**Exercise goal:** Where a line holds the word "then", copy that line from the data below.

**Record extracts:**
━━━━━━━━━━

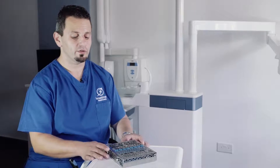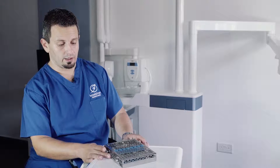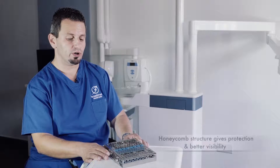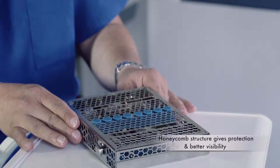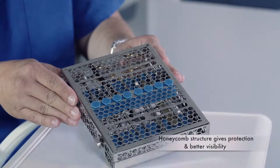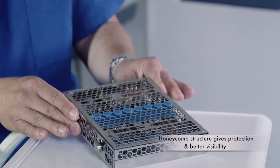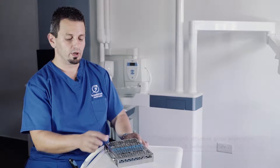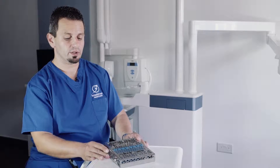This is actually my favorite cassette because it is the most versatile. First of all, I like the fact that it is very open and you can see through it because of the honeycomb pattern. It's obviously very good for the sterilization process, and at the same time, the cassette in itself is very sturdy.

━━━━━━━━━━

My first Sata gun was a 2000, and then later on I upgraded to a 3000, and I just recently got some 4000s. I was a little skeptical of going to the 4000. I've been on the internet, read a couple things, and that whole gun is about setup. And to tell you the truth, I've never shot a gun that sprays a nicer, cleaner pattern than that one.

━━━━━━━━━━

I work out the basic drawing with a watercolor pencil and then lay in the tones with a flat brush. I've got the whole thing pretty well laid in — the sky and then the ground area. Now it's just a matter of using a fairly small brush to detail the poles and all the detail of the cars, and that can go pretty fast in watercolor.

━━━━━━━━━━

**Answer to this exercise:**
My first Sata gun was a 2000, and then later on I upgraded to a 3000, and I just recently got some 4000s. I was a little skeptical of going to the 4000. I've been on the internet, read a couple things, and that whole gun is about setup. And to tell you the truth, I've never shot a gun that sprays a nicer, cleaner pattern than that one.
I work out the basic drawing with a watercolor pencil and then lay in the tones with a flat brush. I've got the whole thing pretty well laid in — the sky and then the ground area. Now it's just a matter of using a fairly small brush to detail the poles and all the detail of the cars, and that can go pretty fast in watercolor.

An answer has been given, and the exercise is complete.